_How to complete this task_: If a record holds a picture, leave the picture out and print everything else exactly.

_Available records_:
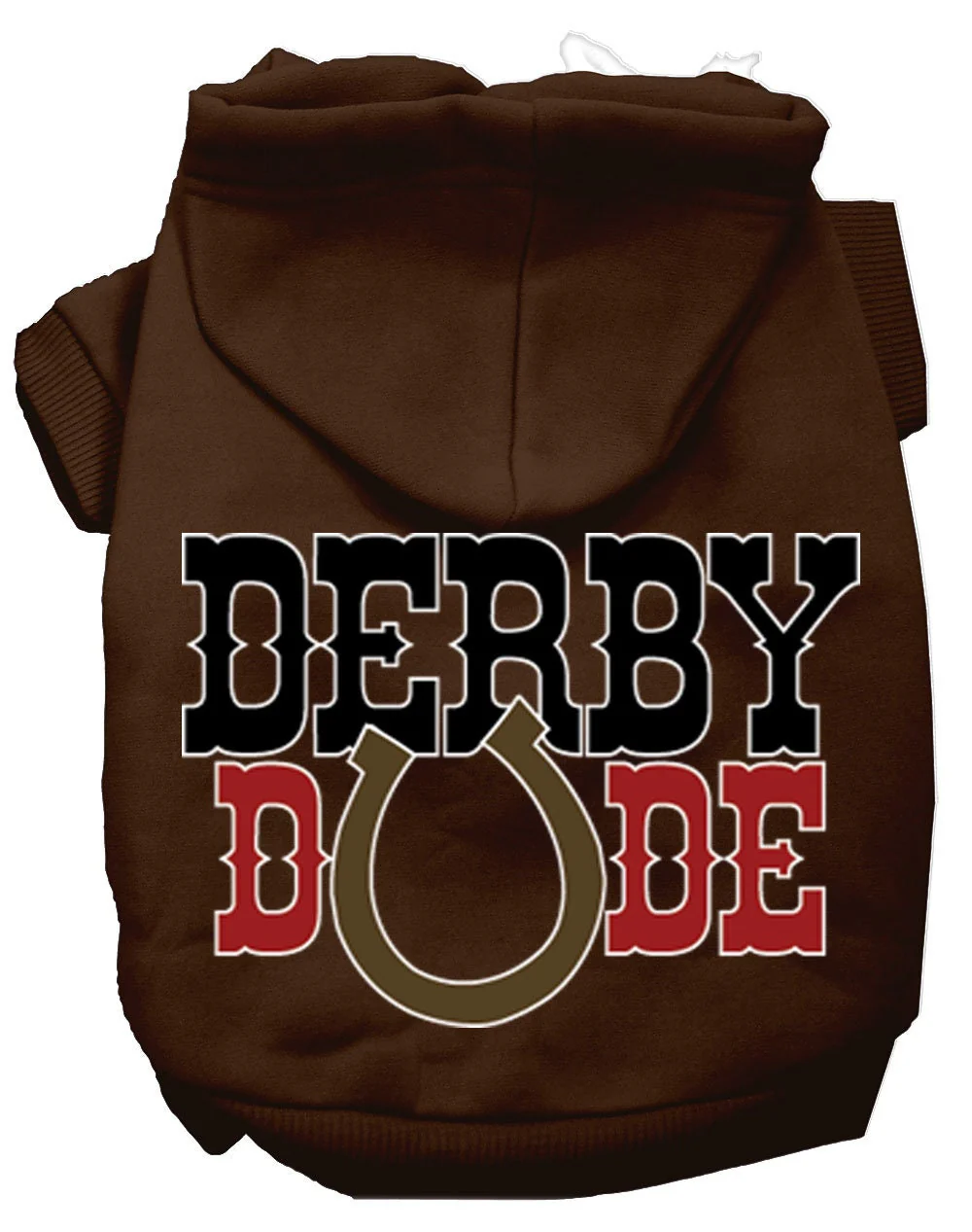 Pet, Dog & Cat Hoodie Screen Printed, "Derby Dude" - Image 10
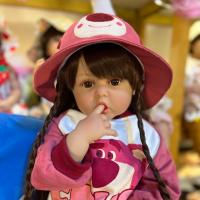 BZDOLL-Muñeca Reborn realista de 60 CM para niños, juguete de 24 pulgadas, silicona suave, recién nacido - details 1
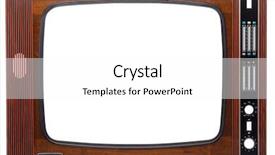  Presentation with ussr - Amazing presentation design having television set made in ussr backdrop and a white colored foreground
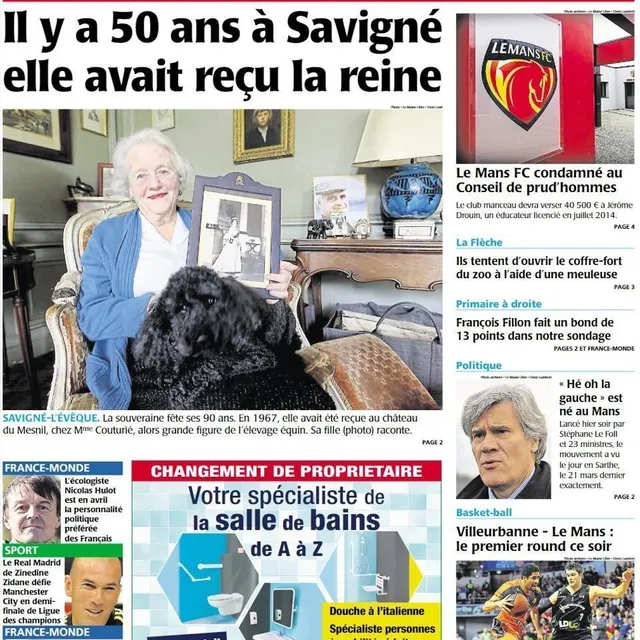 photo en 2016, la fille de mme couturié avait raconté au maine libre les détails de la visite royale.  ©  photo le maine libre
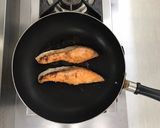 サーモンのいんげんクリームソース作り方6写真
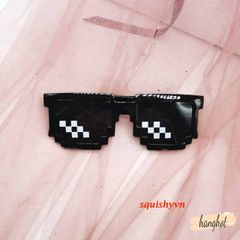 Kính Thug Life 6 Chấm - Mẫu Hot Trend 2023, Kính Mát Chụp Ảnh Nhóm Siêu Ngầu, Phong Cách Côn Đồ 8BIT Nam Nữ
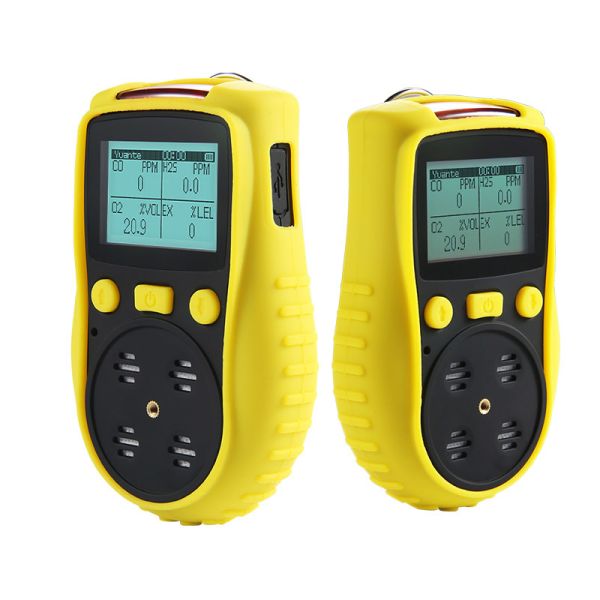 Portable HCL Gas Detector with 0-100PPM Range, Electrochemical Sensor, and IP65 Protection for Toxic Gas Monitoring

_The answer_:
 Pet, Dog & Cat Hoodie Screen Printed, "Derby Dude" - Image 10
 BZDOLL-Muñeca Reborn realista de 60 CM para niños, juguete de 24 pulgadas, silicona suave, recién nacido - details 1
  Presentation with ussr - Amazing presentation design having television set made in ussr backdrop and a white colored foreground
 photo en 2016, la fille de mme couturié avait raconté au maine libre les détails de la visite royale.  ©  photo le maine libre
 サーモンのいんげんクリームソース作り方6写真
 Kính Thug Life 6 Chấm - Mẫu Hot Trend 2023, Kính Mát Chụp Ảnh Nhóm Siêu Ngầu, Phong Cách Côn Đồ 8BIT Nam Nữ
 Portable HCL Gas Detector with 0-100PPM Range, Electrochemical Sensor, and IP65 Protection for Toxic Gas Monitoring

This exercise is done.